Все еще стоя в дверях, я приветливо помахала рукой коллегам и несколько запоздало поздоровалась:
– Добрый день всем, кого не видела!
Затем я прошествовала к столу Джуниора и с озабоченным видом уселась на стул для посетителей.
– Ну, показывай, что там у тебя за дела, – деловито проговорила я.
Покосившись на меня, приятель неуверенно протянул:
– Э-э, батя, то есть Эд Георгиевич, может, лучше передать дело Воловика Маше Ветровой?
– Вот еще глупости, – надулась Ветрова. – У меня одних только разводов в производстве целых три штуки, а ты на меня свои тяжкие телесные навалить хочешь.
– Тогда, может, Лене? – тоскливо тянул Джуниор, с которого вид именинника слетел сразу же после распоряжения родителя о передаче дел в мои цепкие руки.
– Да ладно, Борь, – попыталась вступить я в разговор, – я только что закончила дело, у меня как раз нет работы, так что я с удовольствием заберу у тебя все, что ты не доделал. Пошли в кухню, попьем кофе, заодно расскажешь, что там у тебя за тяжкие телесные.

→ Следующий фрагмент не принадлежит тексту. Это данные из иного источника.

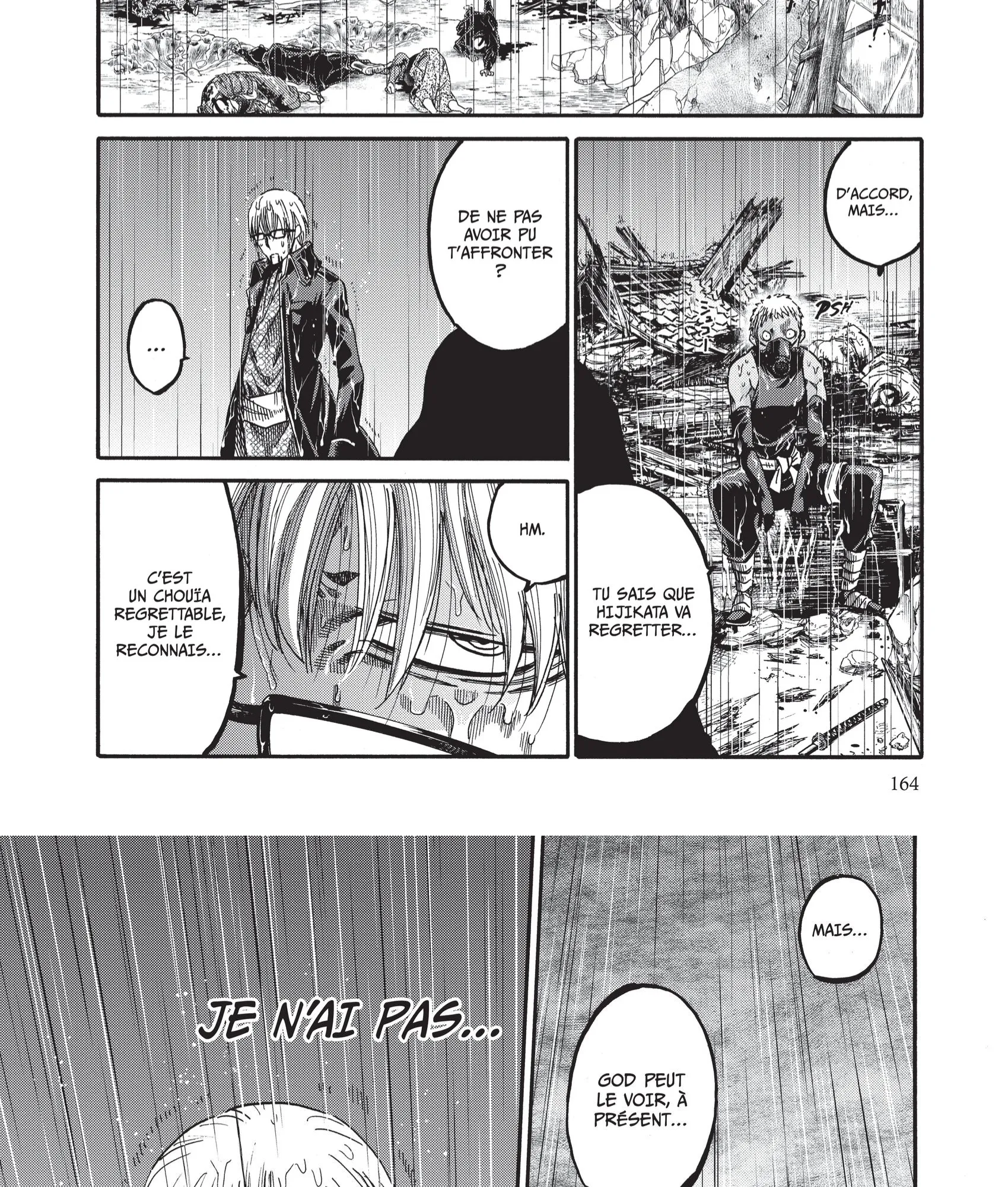 Read Chiruran FR Manga Online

Я поднялась со стула и молча наблюдала, как кудрявый друг обреченно выбирается из-за стола, как хрустит суставами, разминая свое большое, затекшее от долгого сидения в парадной позе тело. Борька потягивался, откладывая неприятный момент, но я терпеливо ждала, когда он выполнит свой обычный ритуал, возьмет папку с делом и отправится в кухню. Наконец кудрявый друг все же закончил производственную гимнастику и, подхватив со стола документы, двинулся пить кофе и вкратце излагать суть вопроса, над которым сейчас работает.

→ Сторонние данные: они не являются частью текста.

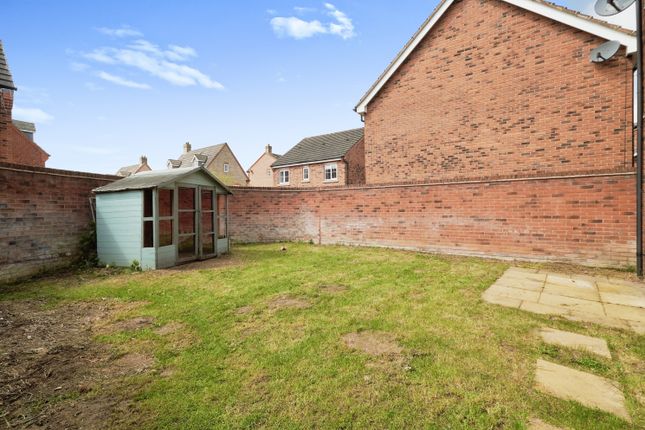 Detached house for sale in Mansfield Lane, Calverton, Nottingham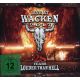 V.A. - Live At Wacken /Various/ - 28 Years Louder Than Hell (2CD+2DVD) Audio CD album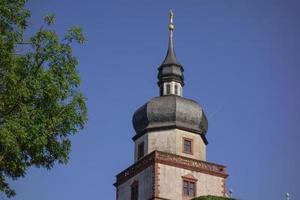 the city of Speyer in germany photo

Включив чайник и с комфортом устроившись за столом, Устинович-младший вскинул на меня серые телячьи глаза, обрамленные пушистыми ресницами, дернул длинным носом, покрытым канапушками, и неуверенно протянул:
– Сразу говорю – тут все ясно с самого начала. Статья сто одиннадцатая, причинение тяжкого вреда здоровью, подзащитный виновен на сто процентов – ибо нефиг руку на стариков поднимать. Воловик полностью признал свою вину, смягчающих обстоятельств нет, поэтому ему светит от двух до восьми лет, и он с этим согласен. Знаешь, Агата, материалы дела ты можешь даже не читать, в суде заявишь, что сторона защиты полностью согласна с предъявленным обвинением – и все, иди домой обедать.
Я забрала из рук приятеля папку, раскрыла на первой странице и с головой погрузилась в бумаги. Сделав рукой жест, полный безнадежного отчаяния, Борис поднялся со стула и отправился варить кофе. Пока он жужжал кофемолкой и, стоя над туркой, бдительно следил, чтобы кофе не убежал на плиту, я ознакомилась с материалами и отложила папку в сторону. Кинув недоверчивый взгляд на внушительный том в картонном переплете, который я за считаные минуты успела прочесть от корки до корки, Устинович-младший с уважением проговорил:
– Сколько я тебя знаю, Агата Рудь, столько не перестаю поражаться, как быстро ты читаешь. Колись, как ты это делаешь?